___ Records shown ___
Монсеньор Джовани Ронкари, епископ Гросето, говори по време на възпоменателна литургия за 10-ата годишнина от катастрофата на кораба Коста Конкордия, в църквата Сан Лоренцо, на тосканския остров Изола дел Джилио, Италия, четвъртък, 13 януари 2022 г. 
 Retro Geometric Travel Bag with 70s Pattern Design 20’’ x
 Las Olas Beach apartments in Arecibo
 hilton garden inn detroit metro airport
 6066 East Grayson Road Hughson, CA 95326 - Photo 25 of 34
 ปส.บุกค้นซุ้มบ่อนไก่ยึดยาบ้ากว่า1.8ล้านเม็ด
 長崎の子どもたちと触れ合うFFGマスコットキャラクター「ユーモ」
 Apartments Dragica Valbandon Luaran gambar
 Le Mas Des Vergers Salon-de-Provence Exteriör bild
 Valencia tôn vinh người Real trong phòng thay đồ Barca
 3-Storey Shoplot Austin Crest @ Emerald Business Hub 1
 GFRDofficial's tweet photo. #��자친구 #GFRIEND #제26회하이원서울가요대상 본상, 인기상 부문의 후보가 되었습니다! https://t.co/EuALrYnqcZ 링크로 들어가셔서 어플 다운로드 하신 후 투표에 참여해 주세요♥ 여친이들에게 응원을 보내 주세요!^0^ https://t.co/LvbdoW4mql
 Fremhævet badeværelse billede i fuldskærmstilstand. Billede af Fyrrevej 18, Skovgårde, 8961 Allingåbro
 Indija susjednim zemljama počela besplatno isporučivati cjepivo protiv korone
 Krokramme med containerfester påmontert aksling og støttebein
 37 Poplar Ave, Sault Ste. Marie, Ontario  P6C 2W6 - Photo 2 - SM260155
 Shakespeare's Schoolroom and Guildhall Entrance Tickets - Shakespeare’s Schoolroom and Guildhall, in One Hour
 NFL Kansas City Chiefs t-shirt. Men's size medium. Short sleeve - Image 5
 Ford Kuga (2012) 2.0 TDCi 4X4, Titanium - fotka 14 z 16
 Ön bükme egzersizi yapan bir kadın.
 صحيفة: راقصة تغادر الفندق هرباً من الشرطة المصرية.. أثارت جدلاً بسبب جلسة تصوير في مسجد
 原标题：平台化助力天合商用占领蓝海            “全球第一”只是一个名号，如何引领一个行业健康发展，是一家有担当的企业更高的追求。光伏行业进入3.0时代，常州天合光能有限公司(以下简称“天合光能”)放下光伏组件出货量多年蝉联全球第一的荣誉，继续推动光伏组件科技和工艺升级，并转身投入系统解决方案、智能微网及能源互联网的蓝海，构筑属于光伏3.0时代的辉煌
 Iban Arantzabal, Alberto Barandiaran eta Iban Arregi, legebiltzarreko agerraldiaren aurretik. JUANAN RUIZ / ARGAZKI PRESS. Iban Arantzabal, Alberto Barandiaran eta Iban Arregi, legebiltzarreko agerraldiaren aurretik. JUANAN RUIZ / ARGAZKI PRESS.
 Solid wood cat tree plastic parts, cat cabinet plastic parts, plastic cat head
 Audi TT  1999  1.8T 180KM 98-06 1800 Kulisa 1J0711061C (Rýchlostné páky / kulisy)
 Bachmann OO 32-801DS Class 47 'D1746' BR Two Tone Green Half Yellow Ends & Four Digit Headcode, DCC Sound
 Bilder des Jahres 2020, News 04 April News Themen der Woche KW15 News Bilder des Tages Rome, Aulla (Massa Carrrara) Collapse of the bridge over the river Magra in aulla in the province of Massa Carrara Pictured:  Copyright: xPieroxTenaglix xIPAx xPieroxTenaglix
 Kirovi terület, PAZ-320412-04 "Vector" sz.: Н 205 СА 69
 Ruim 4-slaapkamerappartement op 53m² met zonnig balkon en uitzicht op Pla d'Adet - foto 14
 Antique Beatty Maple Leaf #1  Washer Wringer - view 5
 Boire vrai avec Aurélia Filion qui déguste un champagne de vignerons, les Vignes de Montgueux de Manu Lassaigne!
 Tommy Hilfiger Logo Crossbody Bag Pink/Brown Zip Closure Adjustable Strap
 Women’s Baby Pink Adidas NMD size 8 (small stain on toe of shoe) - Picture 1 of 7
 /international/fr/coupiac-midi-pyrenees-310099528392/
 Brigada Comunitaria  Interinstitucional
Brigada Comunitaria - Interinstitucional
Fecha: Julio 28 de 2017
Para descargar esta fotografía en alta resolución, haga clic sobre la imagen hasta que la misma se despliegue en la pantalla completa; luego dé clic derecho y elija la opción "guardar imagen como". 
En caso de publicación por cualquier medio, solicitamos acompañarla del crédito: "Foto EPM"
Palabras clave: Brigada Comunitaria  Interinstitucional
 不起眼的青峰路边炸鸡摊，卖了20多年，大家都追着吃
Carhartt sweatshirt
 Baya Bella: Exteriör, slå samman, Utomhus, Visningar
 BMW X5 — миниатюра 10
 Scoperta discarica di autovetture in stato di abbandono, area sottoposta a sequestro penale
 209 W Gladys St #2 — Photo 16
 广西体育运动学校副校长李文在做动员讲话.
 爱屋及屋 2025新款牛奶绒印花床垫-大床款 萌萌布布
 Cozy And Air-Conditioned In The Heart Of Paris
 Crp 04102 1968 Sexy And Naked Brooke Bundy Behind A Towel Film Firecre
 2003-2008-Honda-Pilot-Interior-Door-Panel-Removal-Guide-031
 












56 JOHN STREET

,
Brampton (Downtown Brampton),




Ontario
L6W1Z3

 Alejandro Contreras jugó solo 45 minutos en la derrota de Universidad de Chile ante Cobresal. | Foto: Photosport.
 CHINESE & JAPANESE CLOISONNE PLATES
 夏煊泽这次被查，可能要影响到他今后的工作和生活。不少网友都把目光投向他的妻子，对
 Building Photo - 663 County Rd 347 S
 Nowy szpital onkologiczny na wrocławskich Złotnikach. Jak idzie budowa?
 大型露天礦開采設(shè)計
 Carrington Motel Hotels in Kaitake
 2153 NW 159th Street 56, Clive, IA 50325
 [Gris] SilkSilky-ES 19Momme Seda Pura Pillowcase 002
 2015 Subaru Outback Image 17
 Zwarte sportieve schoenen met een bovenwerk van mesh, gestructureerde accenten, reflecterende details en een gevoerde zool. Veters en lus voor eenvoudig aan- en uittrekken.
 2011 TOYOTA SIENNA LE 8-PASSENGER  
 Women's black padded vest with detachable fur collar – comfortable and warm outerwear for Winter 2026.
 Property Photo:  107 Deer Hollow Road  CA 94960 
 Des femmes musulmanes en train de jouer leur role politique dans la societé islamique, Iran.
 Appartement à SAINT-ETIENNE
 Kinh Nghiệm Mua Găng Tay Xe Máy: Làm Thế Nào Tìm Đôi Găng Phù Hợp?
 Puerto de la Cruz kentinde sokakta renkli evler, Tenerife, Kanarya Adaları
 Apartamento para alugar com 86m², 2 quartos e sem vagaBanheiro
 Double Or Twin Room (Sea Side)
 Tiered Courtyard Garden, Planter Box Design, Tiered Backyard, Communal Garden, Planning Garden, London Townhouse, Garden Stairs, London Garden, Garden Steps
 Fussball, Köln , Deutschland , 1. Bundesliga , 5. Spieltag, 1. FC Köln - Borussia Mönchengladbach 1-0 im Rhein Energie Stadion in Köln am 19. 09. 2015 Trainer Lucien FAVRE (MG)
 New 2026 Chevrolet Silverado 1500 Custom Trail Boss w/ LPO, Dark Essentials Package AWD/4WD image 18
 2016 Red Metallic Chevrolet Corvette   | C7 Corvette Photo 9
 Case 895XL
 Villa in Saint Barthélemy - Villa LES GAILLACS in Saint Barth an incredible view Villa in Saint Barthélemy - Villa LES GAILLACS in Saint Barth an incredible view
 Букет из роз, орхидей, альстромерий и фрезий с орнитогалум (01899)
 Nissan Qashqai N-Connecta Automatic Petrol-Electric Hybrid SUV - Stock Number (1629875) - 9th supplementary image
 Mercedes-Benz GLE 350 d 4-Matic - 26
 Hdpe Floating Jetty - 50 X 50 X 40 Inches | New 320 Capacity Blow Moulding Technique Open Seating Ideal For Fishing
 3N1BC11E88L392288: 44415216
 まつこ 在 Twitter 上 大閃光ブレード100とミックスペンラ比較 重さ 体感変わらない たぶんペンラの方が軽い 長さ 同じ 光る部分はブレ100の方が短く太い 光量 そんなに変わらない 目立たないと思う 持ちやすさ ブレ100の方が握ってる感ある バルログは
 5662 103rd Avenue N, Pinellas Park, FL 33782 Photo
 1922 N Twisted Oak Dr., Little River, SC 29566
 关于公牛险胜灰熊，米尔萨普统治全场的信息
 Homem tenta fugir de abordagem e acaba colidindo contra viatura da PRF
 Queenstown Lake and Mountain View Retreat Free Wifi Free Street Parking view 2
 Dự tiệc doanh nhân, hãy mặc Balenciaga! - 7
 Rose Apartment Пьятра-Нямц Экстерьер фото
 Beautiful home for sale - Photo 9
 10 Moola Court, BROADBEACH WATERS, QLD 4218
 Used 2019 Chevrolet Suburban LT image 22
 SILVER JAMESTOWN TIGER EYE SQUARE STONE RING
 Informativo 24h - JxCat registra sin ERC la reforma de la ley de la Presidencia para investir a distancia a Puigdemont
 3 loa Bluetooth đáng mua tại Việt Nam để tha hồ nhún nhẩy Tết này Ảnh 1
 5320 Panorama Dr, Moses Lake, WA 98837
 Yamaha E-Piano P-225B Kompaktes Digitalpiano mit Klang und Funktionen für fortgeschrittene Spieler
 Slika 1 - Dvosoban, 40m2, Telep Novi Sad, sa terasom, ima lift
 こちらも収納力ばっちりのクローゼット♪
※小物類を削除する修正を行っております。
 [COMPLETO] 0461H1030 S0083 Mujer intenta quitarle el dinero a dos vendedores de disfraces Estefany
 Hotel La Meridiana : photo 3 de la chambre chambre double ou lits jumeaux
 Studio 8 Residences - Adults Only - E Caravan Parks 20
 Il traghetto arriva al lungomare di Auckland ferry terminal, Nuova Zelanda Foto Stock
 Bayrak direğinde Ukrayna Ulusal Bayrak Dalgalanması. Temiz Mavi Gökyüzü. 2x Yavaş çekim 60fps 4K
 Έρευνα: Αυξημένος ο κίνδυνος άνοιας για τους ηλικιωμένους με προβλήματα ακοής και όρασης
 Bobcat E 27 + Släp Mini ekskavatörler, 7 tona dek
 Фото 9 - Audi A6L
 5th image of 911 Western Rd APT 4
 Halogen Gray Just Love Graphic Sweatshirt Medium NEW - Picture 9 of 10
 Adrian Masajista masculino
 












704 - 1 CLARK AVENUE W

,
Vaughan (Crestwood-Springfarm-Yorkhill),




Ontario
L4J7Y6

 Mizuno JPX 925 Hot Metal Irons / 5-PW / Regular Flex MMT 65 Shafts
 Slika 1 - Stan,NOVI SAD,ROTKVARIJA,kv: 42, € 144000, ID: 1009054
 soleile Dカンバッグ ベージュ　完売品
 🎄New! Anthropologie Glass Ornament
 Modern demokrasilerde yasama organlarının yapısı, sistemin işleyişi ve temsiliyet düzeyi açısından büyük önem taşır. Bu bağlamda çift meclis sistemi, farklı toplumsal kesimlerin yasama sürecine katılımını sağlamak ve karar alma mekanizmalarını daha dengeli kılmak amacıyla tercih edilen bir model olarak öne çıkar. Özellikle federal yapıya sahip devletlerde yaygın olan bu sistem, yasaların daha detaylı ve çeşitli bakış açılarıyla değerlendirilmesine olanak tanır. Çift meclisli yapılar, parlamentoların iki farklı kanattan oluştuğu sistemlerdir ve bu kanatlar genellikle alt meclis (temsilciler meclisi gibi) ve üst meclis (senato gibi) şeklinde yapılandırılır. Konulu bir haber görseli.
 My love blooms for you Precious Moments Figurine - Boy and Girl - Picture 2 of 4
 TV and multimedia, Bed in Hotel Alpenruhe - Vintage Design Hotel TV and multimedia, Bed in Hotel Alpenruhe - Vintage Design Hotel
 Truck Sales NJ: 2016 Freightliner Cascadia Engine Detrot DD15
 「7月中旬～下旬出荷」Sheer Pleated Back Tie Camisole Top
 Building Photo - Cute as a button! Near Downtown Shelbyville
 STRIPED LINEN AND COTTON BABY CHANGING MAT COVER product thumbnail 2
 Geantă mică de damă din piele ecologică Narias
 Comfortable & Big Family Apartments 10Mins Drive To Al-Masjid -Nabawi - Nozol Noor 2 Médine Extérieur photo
___
How to complete this task: Please retype the top of the data exactly, down to and including the line that holds "Valencia tôn vinh", and nothing further.

Exercise response:
Монсеньор Джовани Ронкари, епископ Гросето, говори по време на възпоменателна литургия за 10-ата годишнина от катастрофата на кораба Коста Конкордия, в църквата Сан Лоренцо, на тосканския остров Изола дел Джилио, Италия, четвъртък, 13 януари 2022 г. 
 Retro Geometric Travel Bag with 70s Pattern Design 20’’ x
 Las Olas Beach apartments in Arecibo
 hilton garden inn detroit metro airport
 6066 East Grayson Road Hughson, CA 95326 - Photo 25 of 34
 ปส.บุกค้นซุ้มบ่อนไก่ยึดยาบ้ากว่า1.8ล้านเม็ด
 長崎の子どもたちと触れ合うFFGマスコットキャラクター「ユーモ」
 Apartments Dragica Valbandon Luaran gambar
 Le Mas Des Vergers Salon-de-Provence Exteriör bild
 Valencia tôn vinh người Real trong phòng thay đồ Barca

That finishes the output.